When process is running for shorter duration, dmix->appl_ptr is always
bigger than dmix->last_appl_ptr.
For eg. dmix->appl_ptr = 26124288, dmix->last_appl_ptr = 26123264
The software boundary is 1 GB.
...
Hmmm, this might be a bug in the dmix plugin.
So, is it possible that the buffer wrap around could cause the
pointer/size miscalcualtions inside dmix?
Is it expected to have dmix->last_appl_ptr greater than
dmix->appl_ptr? If so, why the issue seen only when
the thread is stopped.
Please suggest. Thanks.
Adarsh
On Thu, Feb 20, 2014 at 3:27 PM, Clemens Ladisch clemens@ladisch.de wrote:
...
Adarsh wrote:
...

However to disable the underruns, the

snd_pcm_sw_params_set_stop_threshold is set to 0x7fffffff
This does not disable underruns; it just disables stopping the device
when an underrun happens.
...
which is greater than boundary value.
Guess what happens on a 64-bit machine.
...
3.Period size is 1024 and buffer size is 2048.
Do you actually need that low a latency?
...

gdb is attached to the process and continued inside gdb.

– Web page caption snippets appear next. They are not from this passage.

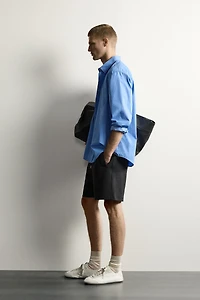 RELAXED FIT INTERLOCK TRACK SHORTS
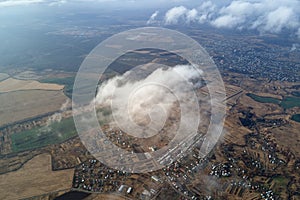 Aerial view from high altitude of distant city covered with puffy cumulus clouds forming before rainstorm. Airplane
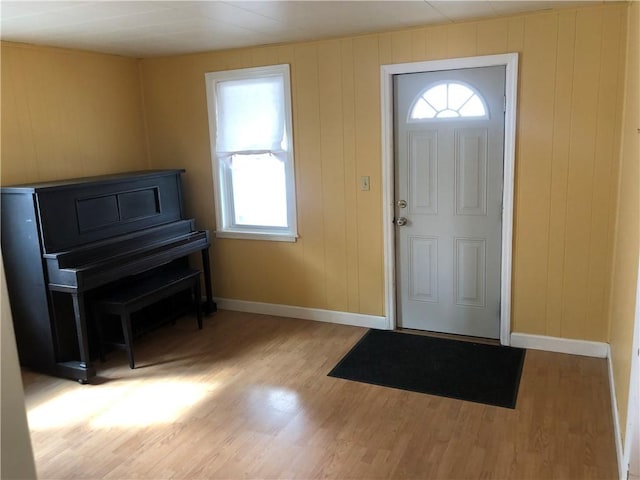 foyer entrance featuring baseboards and wood finished floors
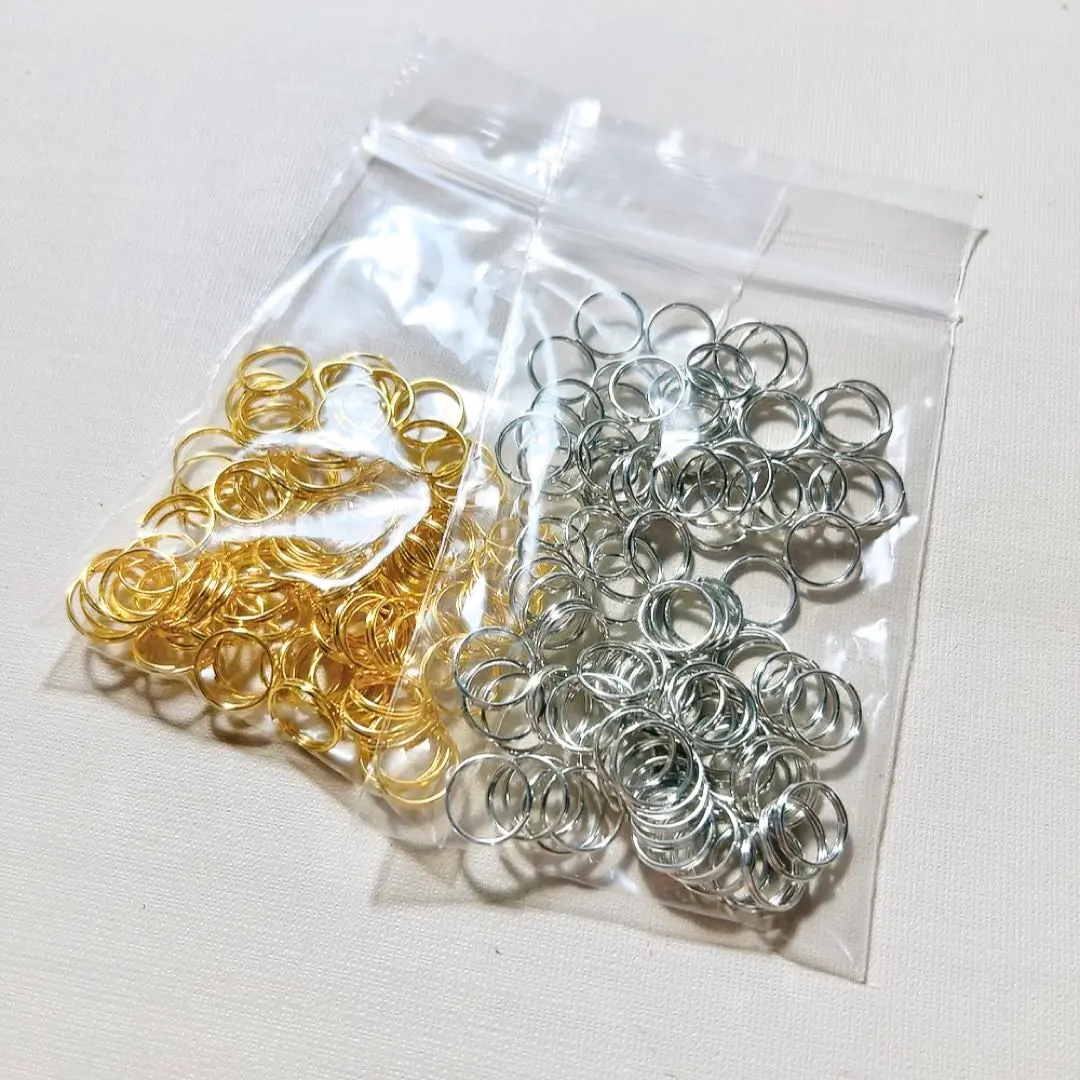 Thumbnail of Double Loop Rings - Gold and Silver Set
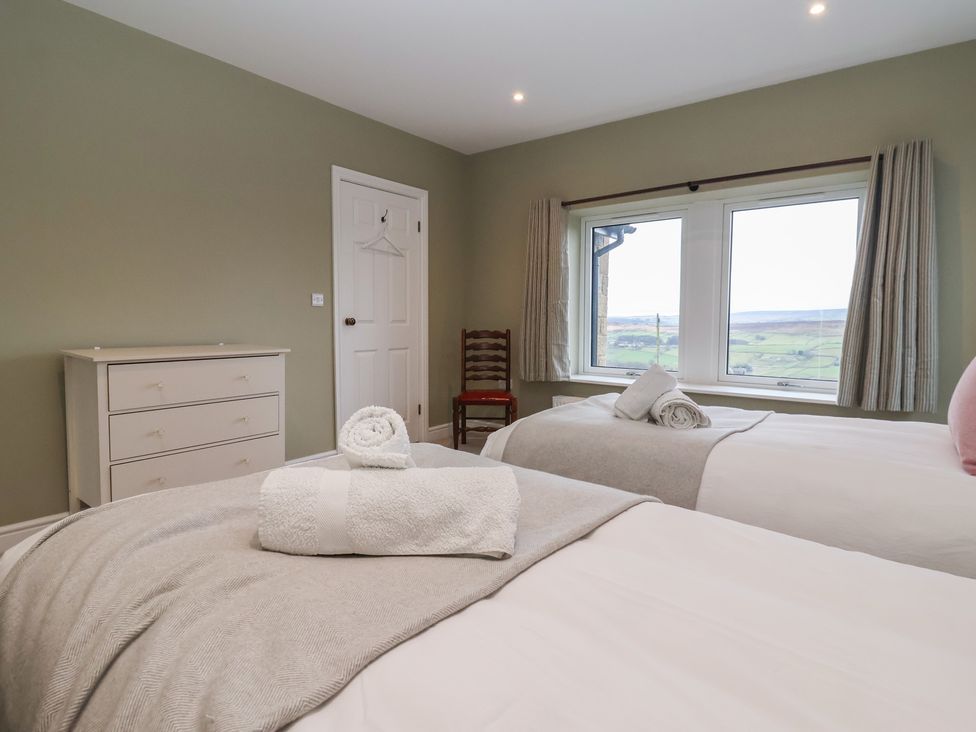 A bedroom with two beds and a window at Daisy Mount in Keighley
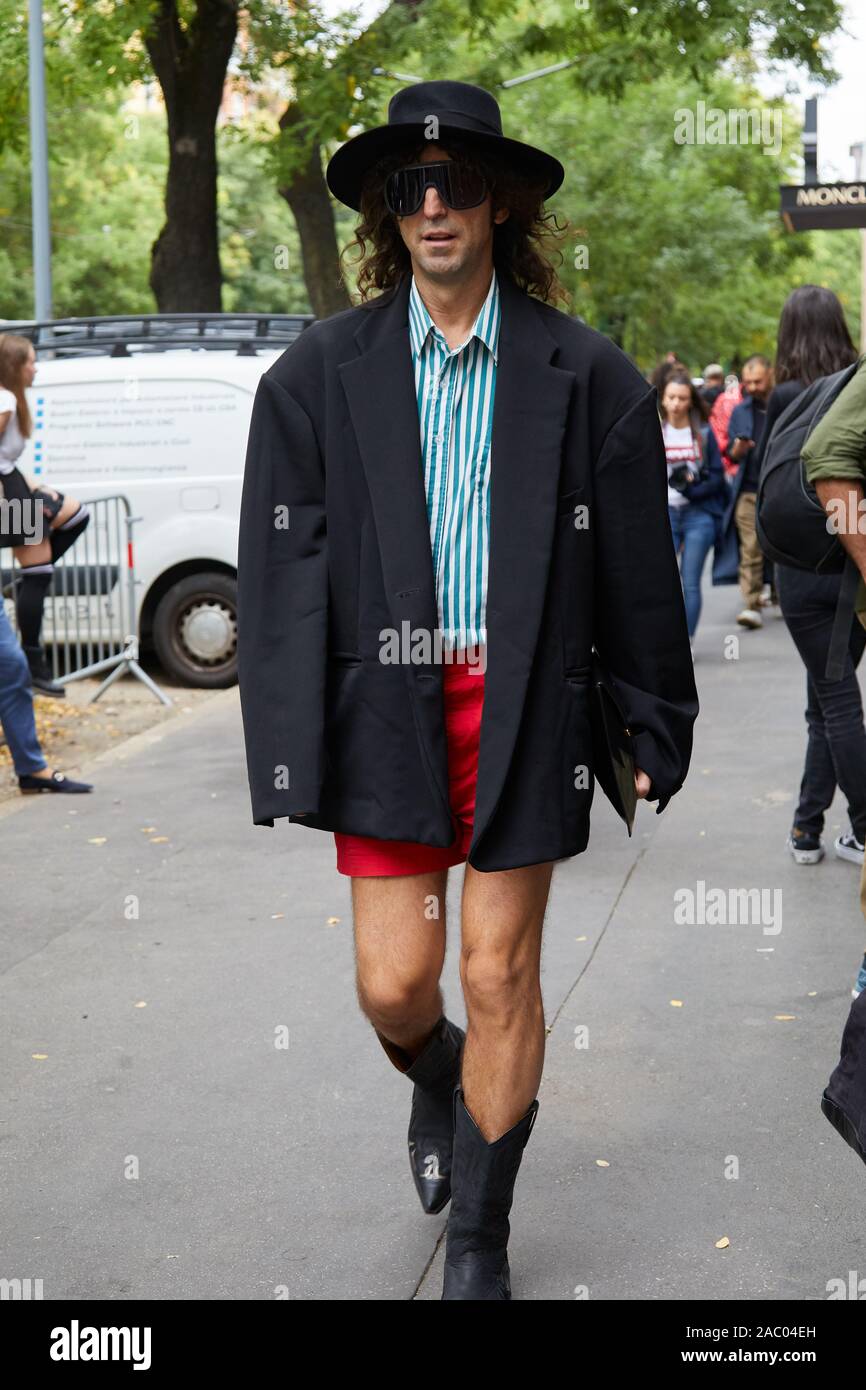 Milán, Italia - 19 de septiembre de 2019: el hombre chaqueta negra y botas de vaquero caminando antes de Fendi Fashion Show, la Semana de la moda de Milán street style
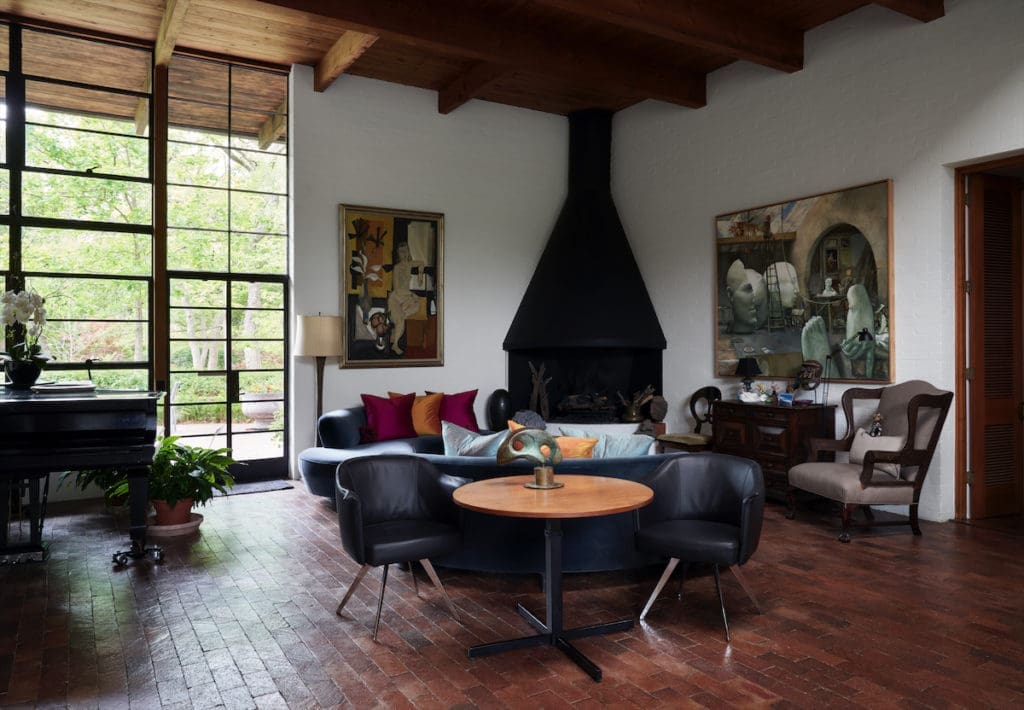 The living room’s fireplace is original. Table and chairs from Scott + Cooner, chairs from Nick Brock Antiques. At right, a Barnaby Fitzgerald painting. Left, painting by Donald Vogel. (Photo by Pär Bengtsson / art direction by Michelle Aviña)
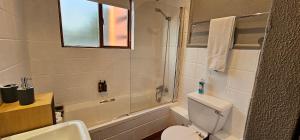 a bathroom with a toilet and a sink and a shower at Acacia at Greenway Woods in White River +6 photos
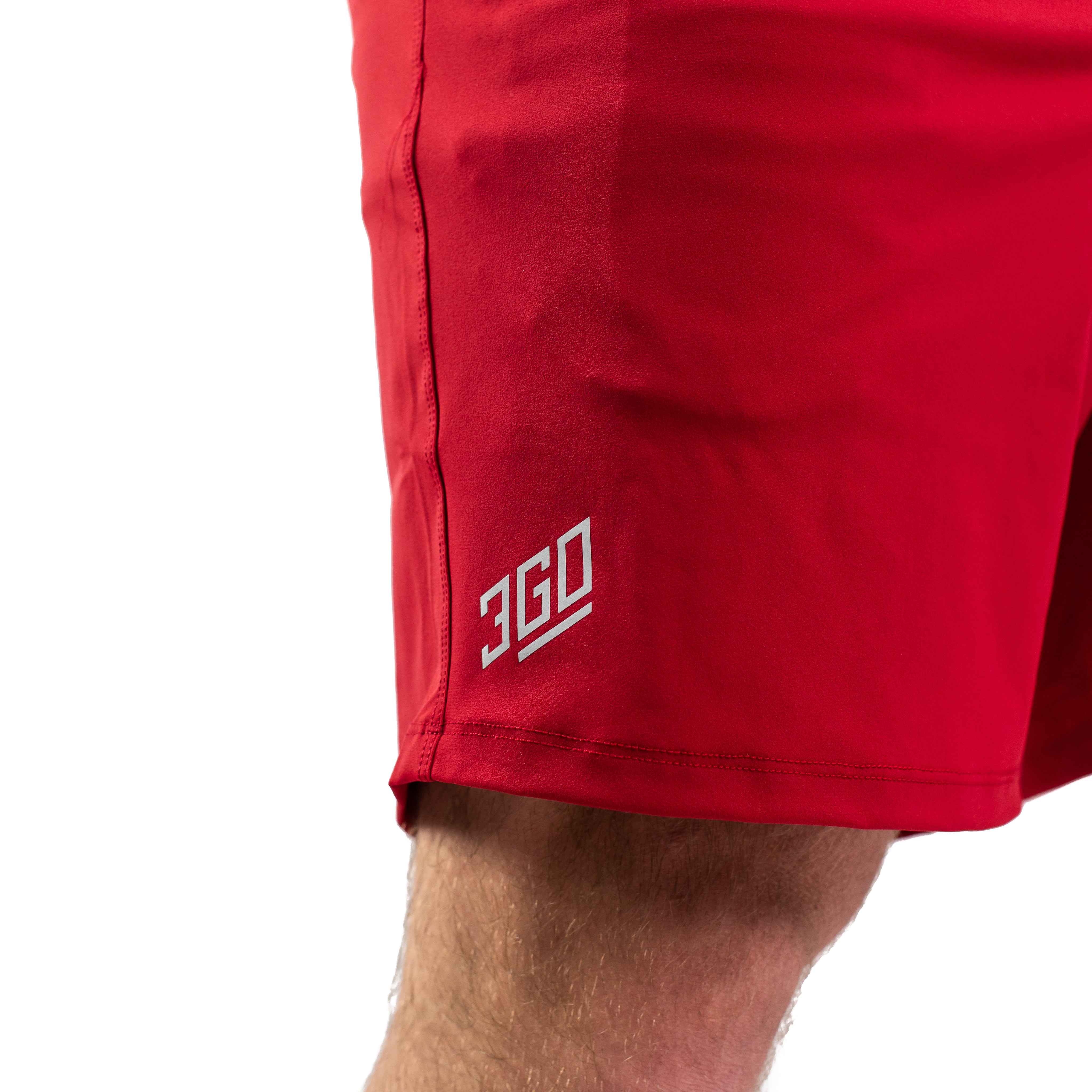 Matte silicone A7 logo on Courage 360Go Shorts for subtle branding on a bold red background.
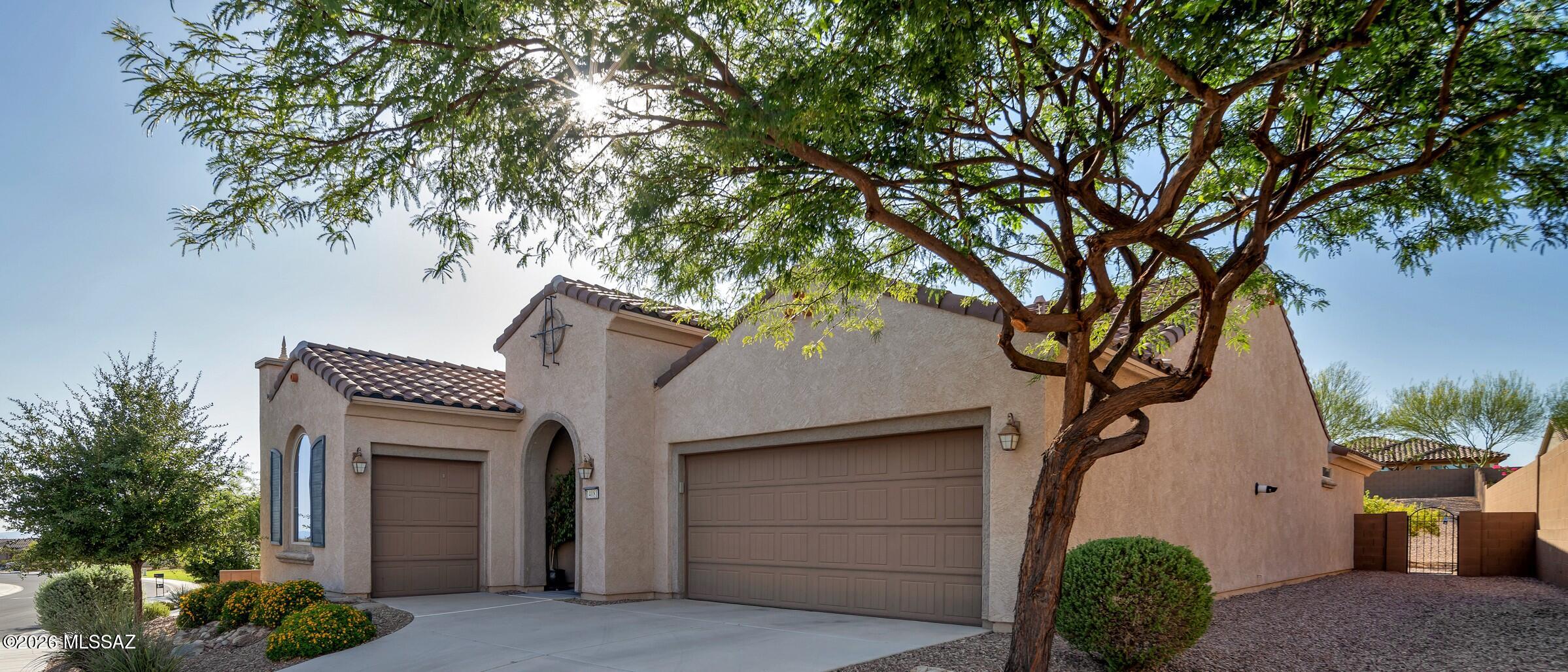 Welcome to Del Webb at Dove Mountain/Marana, AZ, living as it was designed to be enjoyed. This spacious PRESERVE model Spanish styled home features a great room, an expansive den/office/media room with custom French-glass doors, tray ceilings in den, foyer & bay window owner's suite, 2 bedrooms & 2 full baths, raised dishwasher, granite counters, new garbage disposal, stainless luxury gas range, tankless on demand hot water, newer water softener, 2 car & storage area garage & golf cart garage, 2 patio areas face north, Tortolita Mtn Peak Views, all of this sits on a 1/4 acre lot with artificial turn putting green. Lots of storage space, beautiful tile & carpet, gas stub for BBQ & closely located to the Saguaro Center at D Webb Mtn. This home is a must see; must buy. This is the one. HOME.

This will result in an underrun.
When an underrun happens, the buffer is reported to contain less than
zero frames (i.e., the "avail" value is larger than the buffer size).
The program has to write samples _faster_ than normally to catch up.
Alternately, it could advance the pointer by calling snd_pcm_forward
(which might be a better idea because those samples won't be played
at the correct time anyway.)
You should reconsider setting the stop threshold.
...

At this point, the thread went into a tight loop taking >100% cpu

This is probably because of all the 'catch-up' samples that are being
mixed.
...
Stack trace shows that 'snd_pcm_dmix_sync_area' in pcm_dmix.c is taking a
very long time to return because the 'size' is
a large unsinged interger and mix_areas is getting called with 'transfer'
value of <=2048.
Hmmm, this might be a bug in the dmix plugin.
Regards,
Clemens